Mais uma vez, o tema das mulheres em posições de poder entra em cena envolto em polêmicas e declarações infelizes que demonstram quão arraigada está a crença de que o papel de liderança nas organizações naturalmente deveria ser atribuído aos homens. Mas tirando da frente a constatação óbvia que é fundamental ter as mulheres, não só em posições de poder, mas em qualquer outro lugar que elas queiram ocupar, sinto que estamos perdendo a oportunidade de debater dois pontos importantes implícitos nessa polêmica das CEOs mulheres. O primeiro diz respeito aos modelos organizacionais hierárquicos que insistem na lógica de empilhar pessoas em uma cadeia de comando, afunilando as decisões e as responsabilidades em uma pessoa; seja presidente ou CEO ou seus derivados do chamado C-level. Eu cada vez mais acredito em modelos de liderança compartilhada e distribuída.
Para além do embate entre CEOs homens X CEOs mulheres, deveríamos falar em como criar CEOs coletivos baseados em autogestão, como círculos de pessoas em diferentes papéis que, juntas, sustentam as atribuições que hoje estão concentradas nesses poucos cargos individualizados. Modelos assim ampliam radicalmente a diversidade cognitiva, pois consideram mais perspectivas distintas sobre a realidade e fortalecem a antifragilidade do sistema perante a complexidade exponencial dos contextos em que a organização opera.

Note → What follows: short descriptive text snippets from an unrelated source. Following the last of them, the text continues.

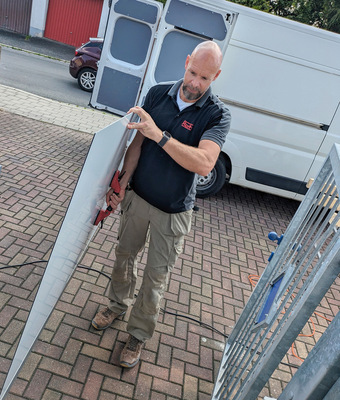 8  Mithilfe eines Glassaugers lässt sich die Vipanel Verbundplatte einfach und sicher transportieren.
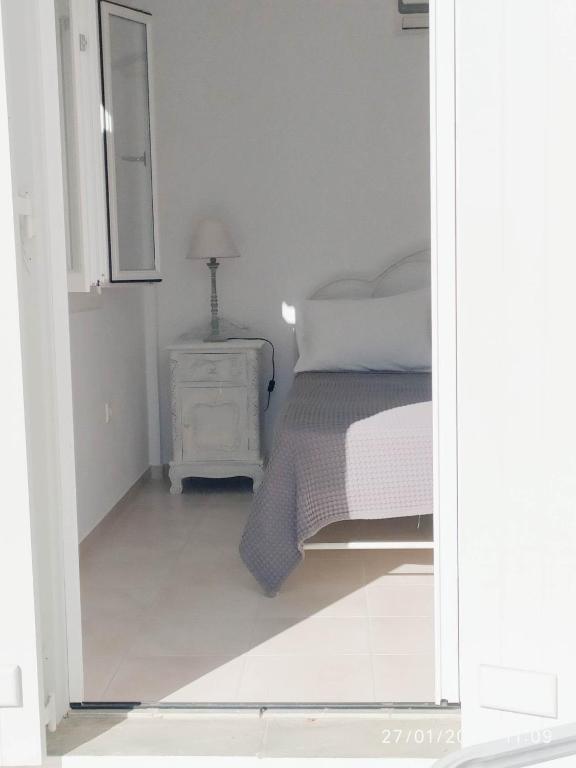 Postel nebo postele na pokoji v ubytování George's Seaside Apartments Sifnos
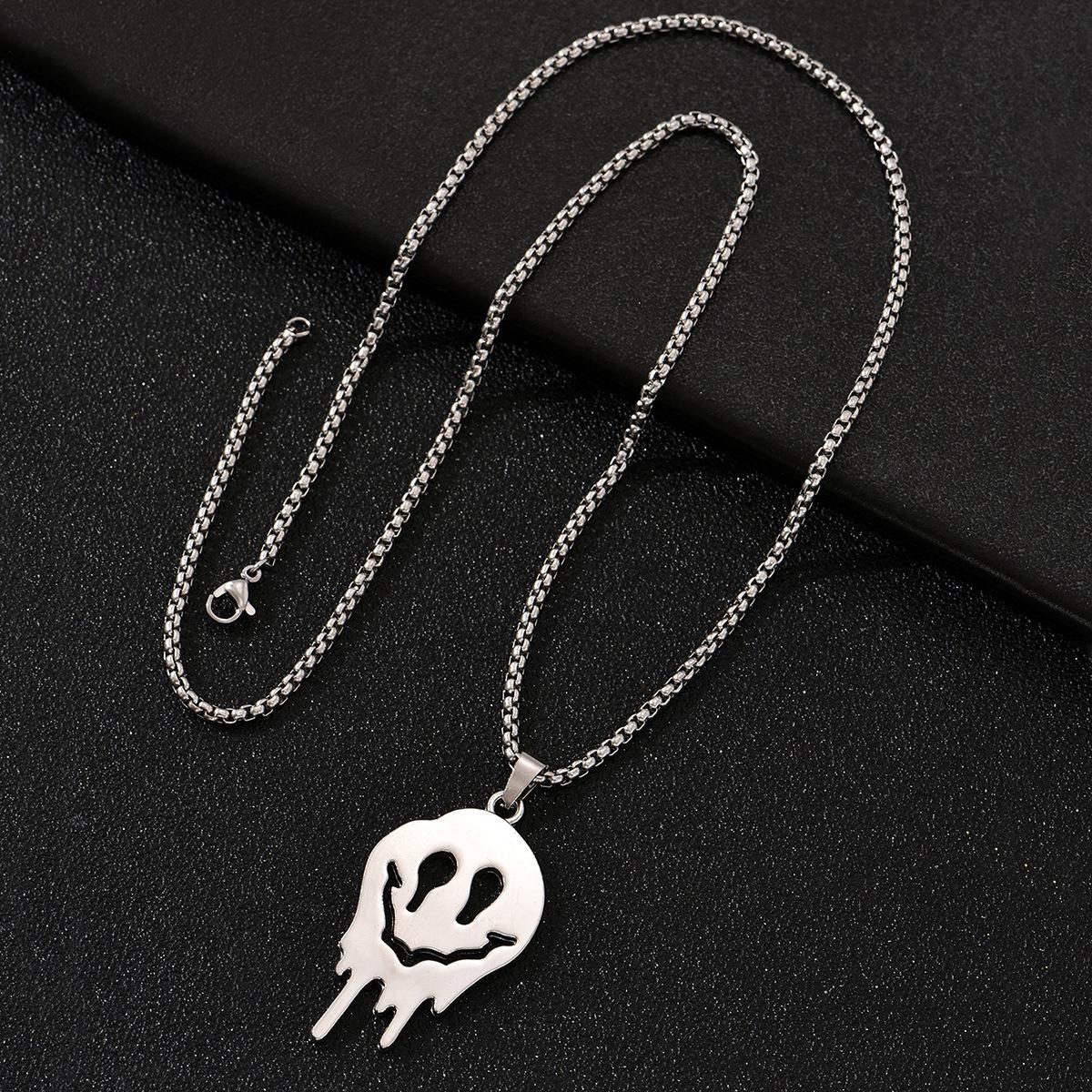 Halloween Gothic Skull Men s Necklace Pendant, Male and Female Personality Creative Couple Necklace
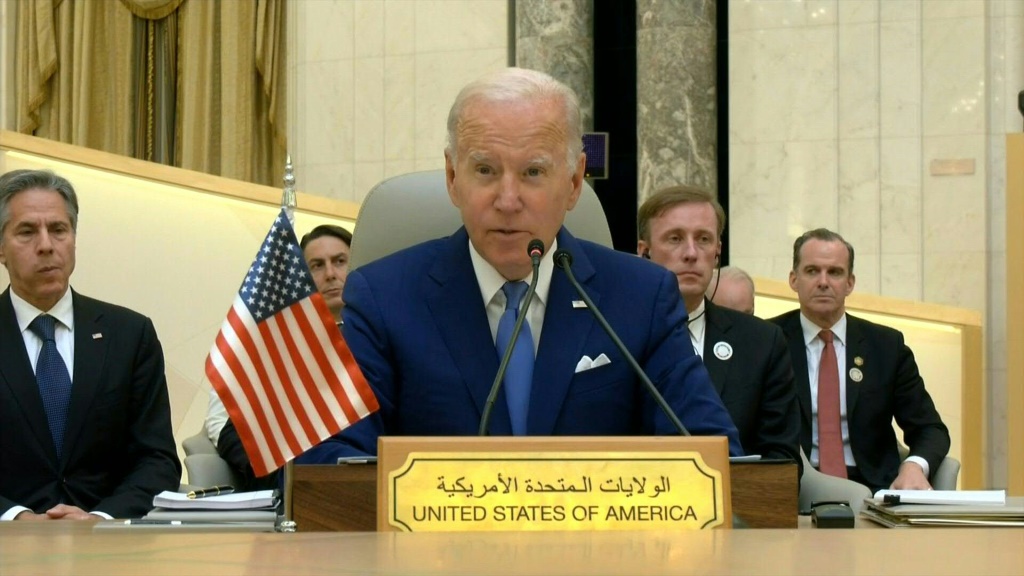 أخبر الرئيس الأمريكي جو بايدن القادة العرب أن واشنطن ستظل منخرطة بشكل كامل في الشرق الأوسط ولن تتنازل عن نفوذها لقوى عالمية أخرى. (ا ف ب)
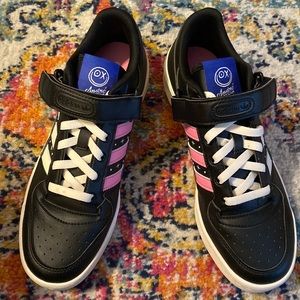 Mens Adidas Forum Low “the world needs love” sneakers, Mens 9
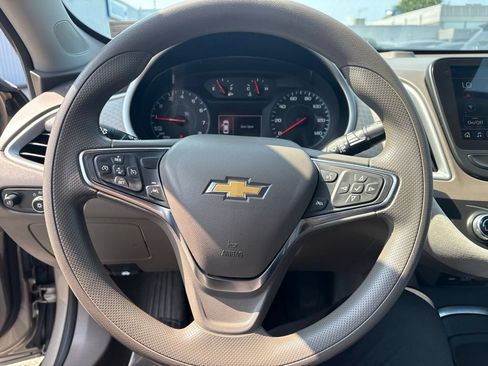 Used 2024 Chevrolet Malibu LT FWD image 21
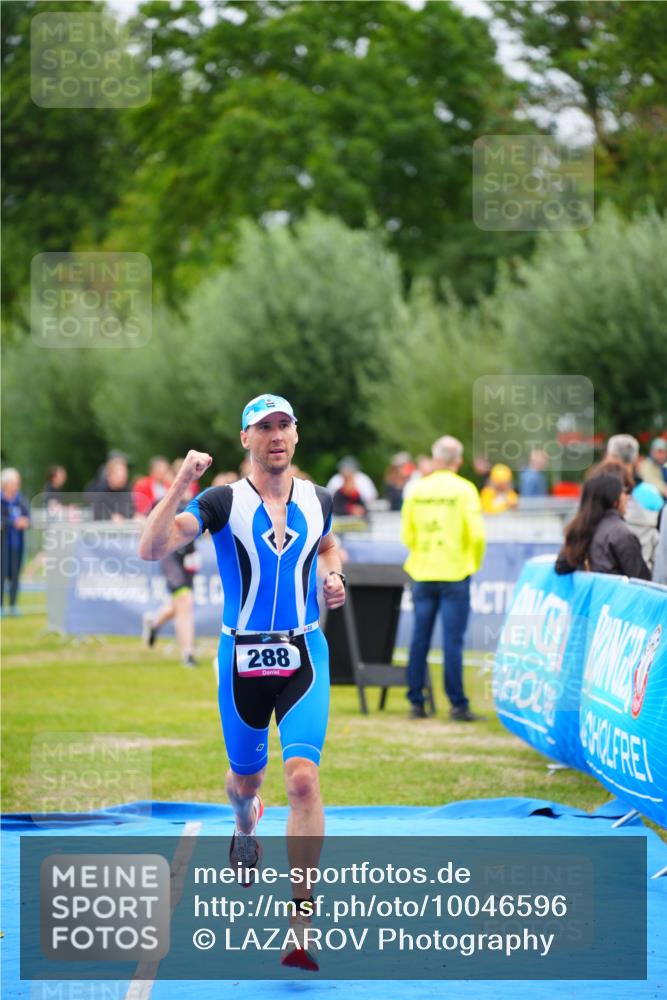 30.08.2026 - Elbe Triathlon Hamburg LAZAROV Photography http://msf.ph/oto/10046596 30.08.2026 10:26:00 Ziel 288 meine-sportfotos.de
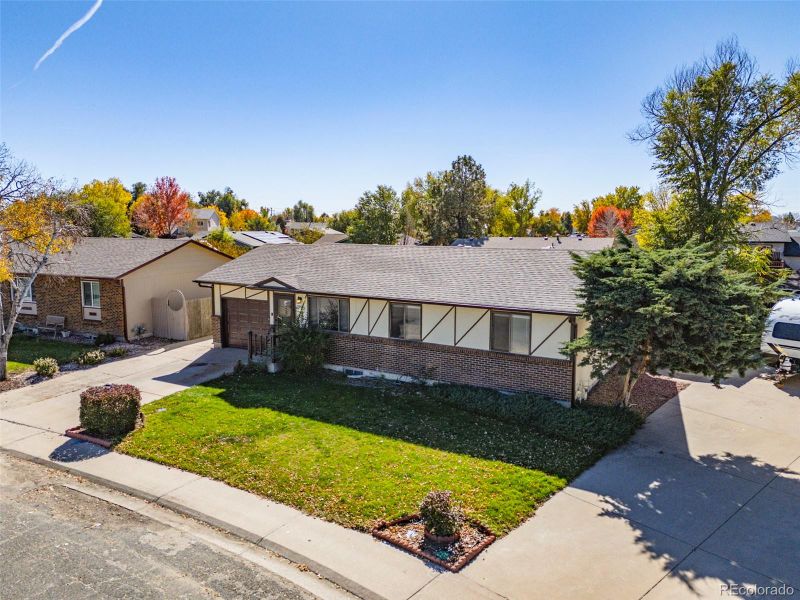 1006 Shortline Dr, Fort Lupton, CO 80621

O segundo ponto é que, para as organizações sustentarem modelos de gestão assim horizontalizados – com liderança compartilhada e distribuída, elas precisam de um tipo de cultura que abrace a diversidade, que seja capaz de equilibrar dinamicamente valores associados ao caráter masculino e aqueles valores associados ao caráter feminino. Seriam as organizações que, ao mesmo tempo, se orientam por metas, objetivos e processos, sem deixar de ser cuidadosas com as pessoas e a natureza, afetivas, sensíveis, abertas à aprendizagem e à fluidez. Neste ponto, para sustentar essas duas polaridades, acho que as mulheres têm um papel essencial, pois sem a participação efetiva delas nessa construção, será impossível transpor essa premissa que as organizações precisam ser necessariamente ambientes masculinizados, duros, brutos e calculistas, feitos para gente “cascuda”. Talvez seja uma grande questão: ter mais mulheres ocupando posições de poder seria o suficiente para transformar o contexto das organizações para esse tipo de cultura ambidestra e para esse tipo de modelo de liderança coletiva, ou se elas meramente seriam absorvidas pelo status quo sem serem capazes de influenciar a sua transformação? Eu acredito muito que essa mudança no paradigma possa acontecer uma presença feminina cada vez maior na liderança, e para isso podemos nos inspirar em outras cosmovisões para implementar protótipos que semeiem um novo modo de operar, além do cabresto absolutista do Ebitda. Como inspiração, recomendo o livro “O reino das mulheres”, um relato de viagem do médico e jornalista Ricardo Coler ao povoado Mosuo nas montanhas da China, uma comunidade de cosmovisão matrilinear que oferece modos completamente distintos da nosso de organização social: seus papéis sociais, o trabalho, a política, e as relações familiares. Falando em mulheres, não poderia deixar de recomendar o recente vídeo da Ana Paula Padrão, que viralizou nas redes sociais, com base no livro “Mulheres Invisíveis”, de Caroline Criado Perez. Ela nos dá uma boa ideia do impacto do modelo patriarcal e o quanto é vital a contribuição da perspectiva feminina nas organizações e sociedade. Precisamos ouvir mais as mulheres! Agora, dois conselhos para os homens da liderança: vamos nos dedicar ao trabalho de autodesenvolvimento para integrar melhor em nós os aspectos femininos; e vamos juntos, homens e mulheres, sustentando as energias masculinas e femininas, encontrar novas formas de liderar e decidir.